軍事探偵と云へば中には非常に派手な仕事のやうに思ふ方もあるかも知れませんが、映畫に出て來る様なものではありません。軍事探偵位凄惨を極めた仕事はない。明治三十六年頃のまだ火蓋の切られない間の軍事探偵の苦心は火蓋を切つた後の苦心よりはるかに大きいものであります。
私は明治三十五年十二月五日……、明治三十五年と云へば日露戦争は夢にも考へて居らない時であります。……その十二月五日に日本を出發しまして、一番先に奉天から汽車で今日は三時間かゝります新民屯に参りまして約三ヵ月、その後コロンバイルに這入つたのであります。その時今申し上げました蒙古犬の生後八ヶ月許りのを私の親友の橋爪君から貰ひ受けて來て、今日から連れて行かうと云ふことになりました。
名前は最初蒙古名があつたのでせうが、この蒙古犬は恰度狛犬のやうに如何にもトボケタ顔で愛嬌があるので、友達の橋爪と『トボケ〃』と呼んで居りましたところ、自分の名が『トボケ』と云ふのだと思つてしまひまして『トボケ』と云つてもすぐとんで來る。
この犬のお蔭で夜の世界に安心して眠ることが出来ました。
犬が居なかったら安心して眠ることは出来ない世界であります。諸君のやうに屋根のあるところではなし。軍事探偵の寝るところは殆ど森の奥か、縁の下、或は倉庫の中……、倉庫の中は上等な方で……、大抵縁の下で(中村三郎)

 

トボの品種については「西蔵蒙古犬」とされていますが、チベタンマスティフのことでしょうか?
トボは軍事探偵を追跡する露探(ロシア軍に雇われた軍事探偵)の待ち伏せを察知したり、病気で落伍した仲間を探し出すなど大活躍。戦時を通じて軍事探偵たちをサポートし続けています。訓練すら受けていなかった犬ですが、中村少年にとってはかけがえのない戦友となりました。

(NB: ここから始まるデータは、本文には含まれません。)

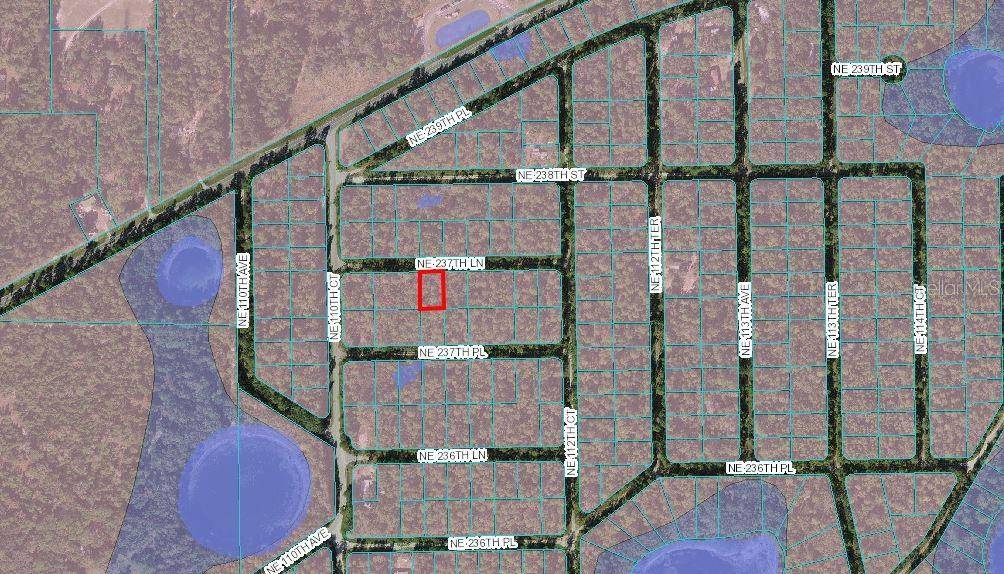 LOT 4 NE 237TH LN, Fort Mc Coy, FL 32134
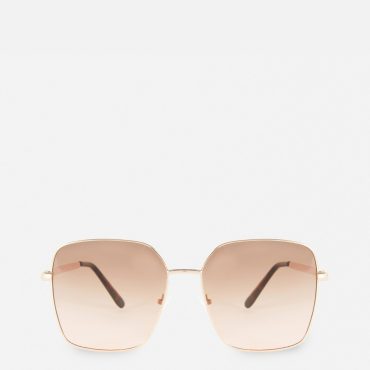 Metal Frame Sunglasses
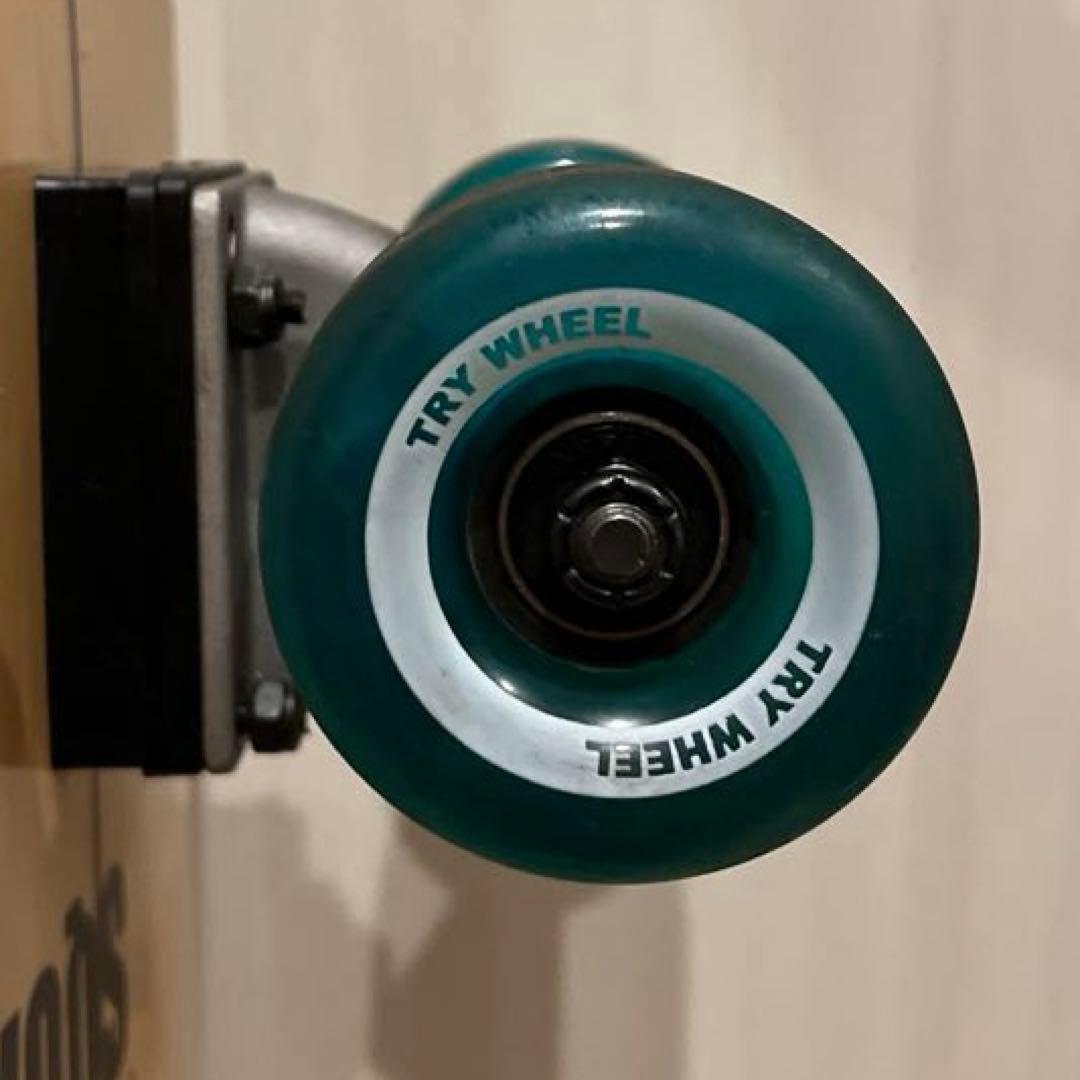 【8810 】TRY WHEEL SQUASH スケートボード 35インチ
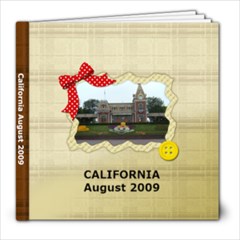 summer 2009 Kristi - 8x8 Photo Book (20 pages)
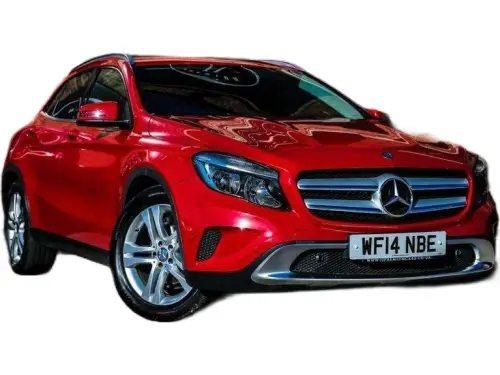 Mercedes-Benz GLA220 SE Exec CDI 4MATIC Auto WF14 NBE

中村さんはトボのことを忘れず、後年になっても人々にその功績を語り聞かせました。

 

かの偉人、中村天風の若き日のエピソードです。

 

帝國ノ犬達-中村天風

昭和11年のイベント告知より、この席でもトボの話をされています。

 

【ハルピン系シェパード】

 

このような在来犬が闊歩していた満洲の地に、大正時代から大量の洋犬が流入し始めました。それが革命から満洲へ逃れてきた白系ロシア人のペット「ハルピン系シェパード」です。
ドイツ租借地の山東省青島へ移入された青島系シェパード、国際都市上海に輸入されるシェパードなど、ドイツから輸出されたシェパードたちは南北複数のルートを辿って東アジアへ到達したのです。
 
このハルピン系こそが、青島系シェパードと共に日満シェパード界の黎明期を支えた存在でした。
しかし現在は、青島系と共に存在自体が黙殺されています。青島系やハルピン系に頼っていた過去を忘れ、まるでドイツ直輸入ルートが日本シェパード界の源流の如く語られているんですよね。挙句、戦後になると「あれは雑種だった」などと黒歴史抹消を画策する始末。
東洋犬界軽視も極まれりで、欧米ばかり有難がっている日本の愛犬家は自分たちのルーツすら辿れないのです。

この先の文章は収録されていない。